▸ DATA EXCERPT
>>>

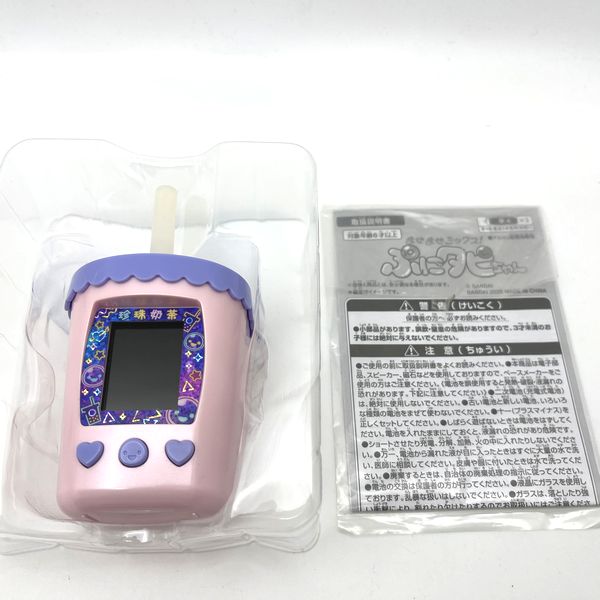 [Usado] Maze Maze Mix Punitapi Chan - Rosa en caja Bandai 2020 Japón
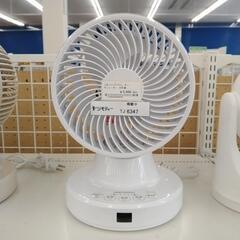 イオントップバリュ サーキュレーター 24年製 白 TJ6347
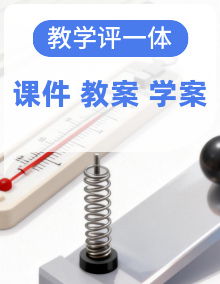 【教学评一体化】教科版九年级上册物理 课件+教学设计表格式+导学案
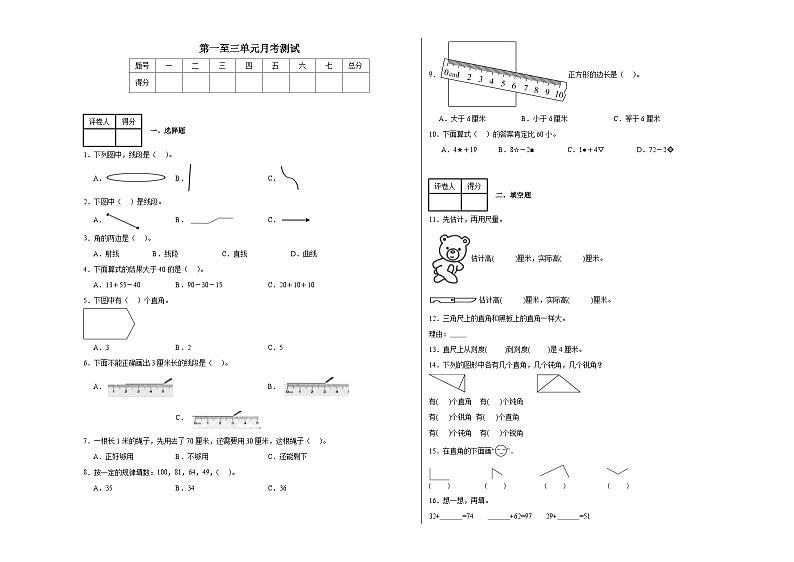 月考测试(第一至第三单元)(试题)-2024-2025学年二年级上册数学人教版01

<<<

▸ EXERCISE
Starting at the line that contains "イオントップバリュ サーキュレーター 24年製 白 TJ6347", retype each line through the final one in the listing, with both ends kept and the pictures omitted.

▸ ANSWER SECTION
 イオントップバリュ サーキュレーター 24年製 白 TJ6347
 【教学评一体化】教科版九年级上册物理 课件+教学设计表格式+导学案
 月考测试(第一至第三单元)(试题)-2024-2025学年二年级上册数学人教版01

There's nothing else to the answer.